Esta é a segunda vez que a Associação de Magistrados do Brasil apresenta petições que, de alguma maneira, vão no sentido de impedir um novo pronunciamento do Supremo Tribunal Federal diferente daquele que o ministro Luiz Fux deu em 2014, quando concedeu as liminares ainda vigentes, que dão, junto com resoluções do Conselho Nacional de Justiça e do Conselho Nacional do Ministério Público, dão sustentação para o pagamento, que formalmente precisaria da aprovação de uma lei no Congresso Federal regulamentando-o.
Foi a AMB que, em março, na semana do julgamento das ações que discutem o auxílio-moradia, pediu a retirada da pauta de última hora e o encaminhamento à Advocacia-Geral da União para a abertura de uma Câmara de Conciliação e Arbitragem. A justificativa era a tentativa de se alcançar um acordo, o que no meio jurídico era reconhecido como improvável uma vez que o pagamento só pode ser regularizado mediante a edição de lei. Três meses depois, na véspera do receso do Judiciário, a AGU devolveu as ações ao Supremo informando que não houve acordo.
Logo que o Judiciário voltou às atividades, em agosto, começaram as articulações para a concessão do reajuste salarial por parte do Legislativo e do governo federal tendo o auxílio-moradia como moeda de troca.

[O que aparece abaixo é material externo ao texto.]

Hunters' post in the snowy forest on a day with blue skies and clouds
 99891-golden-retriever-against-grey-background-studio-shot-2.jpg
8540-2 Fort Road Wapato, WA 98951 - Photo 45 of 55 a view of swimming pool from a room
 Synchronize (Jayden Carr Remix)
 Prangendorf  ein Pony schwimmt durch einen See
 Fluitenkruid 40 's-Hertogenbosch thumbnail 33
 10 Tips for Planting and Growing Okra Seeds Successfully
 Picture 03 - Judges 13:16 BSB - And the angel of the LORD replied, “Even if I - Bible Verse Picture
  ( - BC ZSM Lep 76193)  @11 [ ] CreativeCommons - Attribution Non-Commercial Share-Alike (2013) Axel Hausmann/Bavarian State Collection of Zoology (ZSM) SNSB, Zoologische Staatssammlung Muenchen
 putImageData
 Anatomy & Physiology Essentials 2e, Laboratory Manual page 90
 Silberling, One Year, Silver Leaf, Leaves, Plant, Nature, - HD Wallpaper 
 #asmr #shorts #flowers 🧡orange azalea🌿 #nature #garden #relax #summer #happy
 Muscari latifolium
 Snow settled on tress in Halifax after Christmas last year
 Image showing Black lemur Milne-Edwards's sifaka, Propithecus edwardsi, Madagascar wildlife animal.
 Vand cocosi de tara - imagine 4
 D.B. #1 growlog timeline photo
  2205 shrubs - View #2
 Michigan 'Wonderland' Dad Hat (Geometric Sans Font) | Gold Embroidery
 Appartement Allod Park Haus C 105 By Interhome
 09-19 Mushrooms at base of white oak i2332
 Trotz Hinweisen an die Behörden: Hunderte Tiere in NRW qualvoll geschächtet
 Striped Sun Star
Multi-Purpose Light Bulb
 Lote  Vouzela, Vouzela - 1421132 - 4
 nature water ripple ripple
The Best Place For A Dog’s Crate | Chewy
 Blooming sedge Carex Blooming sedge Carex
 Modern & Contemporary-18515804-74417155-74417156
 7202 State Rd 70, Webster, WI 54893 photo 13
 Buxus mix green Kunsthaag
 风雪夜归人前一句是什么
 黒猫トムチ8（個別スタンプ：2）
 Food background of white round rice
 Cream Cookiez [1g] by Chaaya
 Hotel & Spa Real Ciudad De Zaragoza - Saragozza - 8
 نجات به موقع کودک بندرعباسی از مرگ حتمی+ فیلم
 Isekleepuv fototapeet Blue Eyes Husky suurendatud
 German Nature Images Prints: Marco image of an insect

O cenário atual é de expectativa, no Judiciário, que o reajuste salarial seja sancionado por Temer. Mas, apesar de o presidente ter sinalizado isso, ainda não tomou a posição. Um elemento de preocupação entre as associações de magistrados e entre os ministros do Supremo que estão tratando do tema foram as declarações do presidente eleito, Jair Bolsonaro, de que é contra a concessão do reajuste para não comprometer o orçamento em 2019. Bolsonaro disse que Temer é “responsável e sabe o que fazer”.
Nesse cenário de impasse, o vice-presidente da Corte, Luiz Fux, apareceu de surpresa na quarta-feira no comitê de transição de governo para conversar com Bolsonaro. A visita foi feita fora da agenda de Fux e de Bolsonaro. O Supremo não informou o motivo da visita. Questionado pela reportagem, por meio da assessoria de imprensa, o gabinete de Fux disse que não faria comentário.
O fato de o plenário de o Supremo Tribunal Federal não ter julgado ainda se o pagamento é constitucional ou não gera um desgaste para todo o judiciário, na avaliação do ministro Marco Aurélio Mello.
A cada mês que passa, os cofres públicos continuam despendendo pelo menos R$ 139 milhões por mês só de auxílio-moradia, de acordo com um estudo da Consultoria de Orçamento e Fiscalização Financeira da Câmara dos Deputados. Desde março, quando o julgamento das ações sobre o tema foi abortado na véspera do julgamento, o valor somado é de R$ 1,1 bilhão.
Por outro lado, o aumento no salário dos ministros do Supremo aprovado pelo Senado, de 16,38%, se sancionado por Temer, elevará dos atuais R$ 33,7 mil para R$ 39,2 mil o salário de magistrados e procuradores e poderá custar R$ 4,1 bilhão às contas da União, em razão do efeito cascata em Estados.